In the entries below, find the line with "Cover of Horrible" and the line with "Villetta con piscina"; give again those lines and every line between them, exactly.

* * * *

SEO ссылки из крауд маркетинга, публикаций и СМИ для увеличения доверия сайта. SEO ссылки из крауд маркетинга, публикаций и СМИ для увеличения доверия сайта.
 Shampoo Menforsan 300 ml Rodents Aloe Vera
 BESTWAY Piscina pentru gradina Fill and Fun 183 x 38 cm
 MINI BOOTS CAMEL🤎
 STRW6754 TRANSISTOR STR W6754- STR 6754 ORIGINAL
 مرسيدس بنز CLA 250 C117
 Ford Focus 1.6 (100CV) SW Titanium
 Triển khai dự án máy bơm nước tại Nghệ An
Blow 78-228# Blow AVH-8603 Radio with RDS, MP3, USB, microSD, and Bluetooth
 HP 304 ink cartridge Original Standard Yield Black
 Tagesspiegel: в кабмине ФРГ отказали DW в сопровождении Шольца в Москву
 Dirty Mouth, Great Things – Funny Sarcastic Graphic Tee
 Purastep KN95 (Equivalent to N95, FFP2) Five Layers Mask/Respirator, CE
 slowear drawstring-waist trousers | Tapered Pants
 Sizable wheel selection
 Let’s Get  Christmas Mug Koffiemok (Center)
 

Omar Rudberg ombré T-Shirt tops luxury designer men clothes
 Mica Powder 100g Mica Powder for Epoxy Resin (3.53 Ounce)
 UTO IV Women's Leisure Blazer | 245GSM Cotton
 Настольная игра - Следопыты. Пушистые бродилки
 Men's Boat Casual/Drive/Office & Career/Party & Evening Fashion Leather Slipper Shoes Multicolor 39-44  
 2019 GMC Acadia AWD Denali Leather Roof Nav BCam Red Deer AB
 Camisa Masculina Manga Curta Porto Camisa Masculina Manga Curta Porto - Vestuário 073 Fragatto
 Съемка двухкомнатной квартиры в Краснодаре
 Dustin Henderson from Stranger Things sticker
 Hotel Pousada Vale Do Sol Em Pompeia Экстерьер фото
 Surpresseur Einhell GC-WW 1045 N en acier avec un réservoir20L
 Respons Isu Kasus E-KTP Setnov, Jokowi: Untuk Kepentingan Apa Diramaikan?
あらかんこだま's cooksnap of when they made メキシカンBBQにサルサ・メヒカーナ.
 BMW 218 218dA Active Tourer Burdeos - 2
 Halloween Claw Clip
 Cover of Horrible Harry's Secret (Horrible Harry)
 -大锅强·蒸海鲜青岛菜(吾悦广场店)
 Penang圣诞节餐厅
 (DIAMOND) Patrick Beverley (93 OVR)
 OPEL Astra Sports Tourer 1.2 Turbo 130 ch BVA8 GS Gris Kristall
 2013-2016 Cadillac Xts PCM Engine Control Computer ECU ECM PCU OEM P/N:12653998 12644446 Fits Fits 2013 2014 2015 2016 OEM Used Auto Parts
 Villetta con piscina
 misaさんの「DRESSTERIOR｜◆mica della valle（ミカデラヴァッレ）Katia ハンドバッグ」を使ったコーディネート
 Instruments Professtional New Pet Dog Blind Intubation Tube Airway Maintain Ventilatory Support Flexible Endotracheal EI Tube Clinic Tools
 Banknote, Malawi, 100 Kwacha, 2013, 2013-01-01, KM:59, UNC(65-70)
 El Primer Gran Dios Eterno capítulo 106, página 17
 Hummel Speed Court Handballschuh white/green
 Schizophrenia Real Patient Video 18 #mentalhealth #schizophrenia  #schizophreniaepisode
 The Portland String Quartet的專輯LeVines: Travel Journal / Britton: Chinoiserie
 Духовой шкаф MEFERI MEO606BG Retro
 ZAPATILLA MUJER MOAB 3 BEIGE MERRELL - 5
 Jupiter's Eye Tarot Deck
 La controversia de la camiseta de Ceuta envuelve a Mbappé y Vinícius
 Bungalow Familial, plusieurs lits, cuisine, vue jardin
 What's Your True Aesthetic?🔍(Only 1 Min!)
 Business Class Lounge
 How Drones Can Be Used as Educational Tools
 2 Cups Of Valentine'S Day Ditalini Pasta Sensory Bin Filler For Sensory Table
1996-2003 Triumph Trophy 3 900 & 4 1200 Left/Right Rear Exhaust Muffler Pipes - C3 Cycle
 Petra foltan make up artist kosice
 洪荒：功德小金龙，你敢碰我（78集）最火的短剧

* * * *

■ **Answer to this task**:
 Cover of Horrible Harry's Secret (Horrible Harry)
 -大锅强·蒸海鲜青岛菜(吾悦广场店)
 Penang圣诞节餐厅
 (DIAMOND) Patrick Beverley (93 OVR)
 OPEL Astra Sports Tourer 1.2 Turbo 130 ch BVA8 GS Gris Kristall
 2013-2016 Cadillac Xts PCM Engine Control Computer ECU ECM PCU OEM P/N:12653998 12644446 Fits Fits 2013 2014 2015 2016 OEM Used Auto Parts
 Villetta con piscina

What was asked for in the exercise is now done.